Lectures: Tuesdays/Thursdays, 9:30 am - 10:50 am, Rowland Hall 104

Discussion Section A1: Fridays, 10:00 - 10:50 am,  Rowland Hall 114

Discussion Section A2: Fridays, 11:00 - 11:50 am,  Rowland Hall 114

Staff

Office Hours (Subject to change)

Email
Instructor: ​Prof. Chen Li

Tuesdays 11 am - noon, DBH 2086

chenli AT ics DOT uci DOT edu
TA: Sarah Asad

Thursday 11am - 12pm (ICS 458A)

sasad2@uci.edu
TA: Yunyan Ding

Monday 1:00 - 2:00 p.m. (ICS 458A)

yunyad1@uci.edu

Lectures

ID Date Instructor Content Textbook
1 06/24/25 (Tu) Sarah Asad Logistics and DBMS Introduction: PDF1 PPT1 Ch. 1
2 06/26/25 (Th) Sarah Asad Big Picture, ER Modeling: PDF2 PPT2 Ch. 2
3 07/01/25 (Tu) Sarah Asad ER Modeling cont: PDF3 PPT3 Ch. 2
4 07/03/25 (Th) Sarah Asad ER to Relational: PDF4 PPT4 Ch. 3
5 07/08/25 (Tu) Chen Li ER to Relational, cont: PDF5, PPT5 Ch. 3
6 07/09/25 (Th) Chen Li Relational Algebra (I), PDF6, PPT6 Ch. 4.1-4.2
7 07/15/25 (Tu) Sarah Asad, Chen Li Learning relational operators in Texera, PDF7, PPT7 hub.texera.io
8 07/17/25 (Th) Chen Li SQL (1): SPJ, Nested Queries, Aggregation, PDF8, PPT8 Ch. 3.4, 5.1-5.5
9 07/22/25 (Tu) Chen Li Ditto, brief review  
10 07/24/25 (Th) Chen Li Midterm, in class  
11 07/29/25 (Tu) Chen Li SQL (2): Null, Outer Joins, CRUD, ICs, PDF9, PPT9 Ch. 5.5-5.7
12 07/31/25 (Th) Chen Li SQL (3): Triggers, Views, Access Control, PDF10, PPT10 Ch. 3.3, 3.6, 5.7-5.9, 21.1-21.3
13 08/05/25 (Tu) Chen Li Relational Design Theory (1), PDF11, PPT11  (S13) Ch. 19.1-19.6
14 08/07/25 (Th) Chen Li Relational Design Theory (2), PDF12, PPT12 (S7)  Ditto
15 08/12/25 (Tu) Chen Li Ditto (S16) Ditto
16 08/14/25 (Th) Chen Li Record storage and indexing,  PDF13, PPT13  (S6) Ch. 9.1, 8.1-8.3, 10.1, 10.3
17 08/19/25 (Tu) Sarah Asad Ditto Ditto
18 08/21/25 (Th) Chen Li Physical DB Design, PDF14, PPT14 (S9) Ch. 8.5, 20.1-20.7
19 08/26/25 (Tu) Chen Li Ditto.    Ditto
20 08/28/25 (Th) Chen Li Beyond CS 122A, PDF15, PPT15. Review  

Homework

Due Date Late Due Date Solution
HW1 - ER Diagram  7/3 Thursday 11:59PM  7/4 Friday 11:59PM  Team Work Allowed Available in HW2
HW2 - Relational Modeling 7/14 Monday 11:59PM 7/15 Tuesday 11:59PM Done Individually HW2 Solution
HW3 - Relational Algebra  7/25 Friday 11:59PM  7/26 Saturday 11:59PM Done Individually HW3 Solution
HW 4 - SQL 8/6 Wednesday 11:59PM 8/7 Thursday 11:59PM Done Individually  HW4 Solution
HW5 - Advanced SQL 8/16 Saturday 11:59PM 8/17 Sunday 11:59PM Done Individually  HW5 Solution
HW6 - Relational Design Theory and Indexing 8/28 Thursday 11:59PM 8/29 Friday 11:59PM Done Individually  HW6 Solution

Exams

  • Midterm: July 24, Thursday, in-class, in-person. [Sample Midterm]
  • Final: Friday, August 29, 2025, 9:30 AM – 11:30 AM, same classroom (Rowland Hall 104). [Sample Final]

Course Objectives

This course provides students with an introduction to the design of databases and the use of database management systems in support of applications.

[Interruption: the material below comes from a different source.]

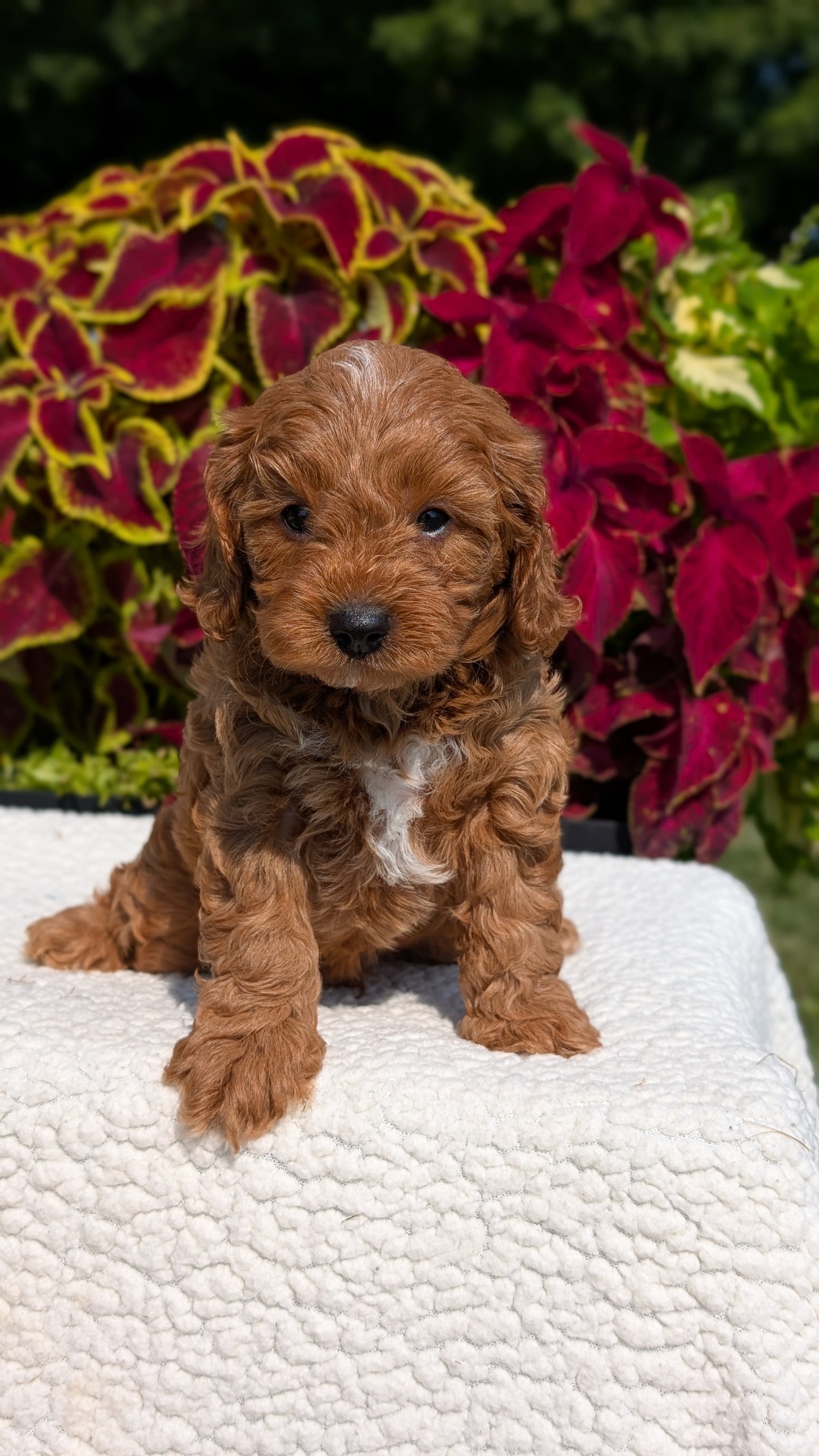 CAVAPOO (07/06) MALE
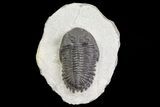 Bargain, Hollardops Trilobite - Visible Eye Facets #67675-5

It covers the entity relationship (E/R) approach to database design. It then covers the relational data model, mapping of E/R designs to relations, relational database design principles, abstract query languages such as the relational algebra and relational calculus, and the industry-standard query language, SQL. Students will gain exposure to how relational database management systems are used to manage an actual database. Time permitting, the course will also touch lightly on advanced database management topics.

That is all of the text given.